Arts >> Books >> Book Publishing

How to Format an E-Book for Project Gutenberg

Project Gutenberg is the first single collection of free electronic books, or ebooks. Its mission is to create and distribute books that are free from copyright. If you want to submit your own book for inclusion into Project Gutenberg or have a book that is no longer copyrighted you would like to submit, then you need to format the text correctly.

Instructions

    • 1

      Format the text so it uses plain ASCII (American Standard Code for Information Interchange) text. ASCII text is basically the numbers, letters and punctuation found on a standard U.S. keyboard with no accented letters. If your text has accented letters that cannot be removed, you can use the appropriate ISO-8859 character set for those letters. You will still need to submit a plain ASCII version without the accents to Project Gutenberg.

    • 2

      Format each line so it contains about 60 to 70 characters per line with a hard return at the end (CR/LF, or carriage return/line feed). Lines cannot exceed 72 characters.

    • 3

      Transliterate any Greek text so it uses Latin letters. Gutenberg has a special page that instructs how to do this (see Resources).

    • 4

      Replace italics by placing them in all caps (ITALICS), by placing an underscore before and after the word or words (_italics_) or by placing a backslash before and after the word or words (/italics/). Underscores tend to be favored, but it doesn't matter which of the three methods you choose as long as you use the same method each time.

    • 5

      Place four blank lines before each chapter heading and two lines after the heading. You can also use three blank lines before and one blank line after. Place a black line before each paragraph. Place a line of spaced asterisks (* * * * *) anywhere extra spacing or markings were used to indicate scene breaks or character shifts.

    • 6

      Place 20 spaces before text that needs to be indented. You should not indent the beginning of paragraphs. Do not use the tab key to indent.

    • 7

      Use one hyphen (-) in place of en-dashes and two hyphens (--) in place of em-dashes. Do not place a space before or after two hyphens when using them to represent an em-dash in most cases.
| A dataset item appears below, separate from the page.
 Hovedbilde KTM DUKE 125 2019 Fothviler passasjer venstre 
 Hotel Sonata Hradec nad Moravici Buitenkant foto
A row of six hyphens (------) should be used to indicate words that are left out. If dashes are used to replace letters in a word, use one hyphen for each letter that has been left out.

    • 8

      Insert a short footnote in brackets at the point in the paragraph where they occur if they are short. Longer footnotes can be inserted after the paragraph -- either contiguous with the paragraph if they are a line long or as a new paragraph if they are longer. Footnotes that are longer than a paragraph can be placed at the end of the chapter. It is also permissible to place all footnotes, regardless of length, at the end of the chapter. You can place a number in brackets in the text to indicate where the footnote goes.

    • 9

      Transform any tables into columns using a non-proportional font. Indent the table slightly to set it off from the main text so it won't be automatically wrapped by a converter later.

    • 10

      Format poems, letters and journal entries so they are the same way as the book they were printed in.

    • 11

      Run the text through gutcheck. Gutcheck is a program that looks for problems spellcheckers do not, such as mismatched quotes and misplaced punctuation. It was designed to check texts for submission to Project Gutenberg.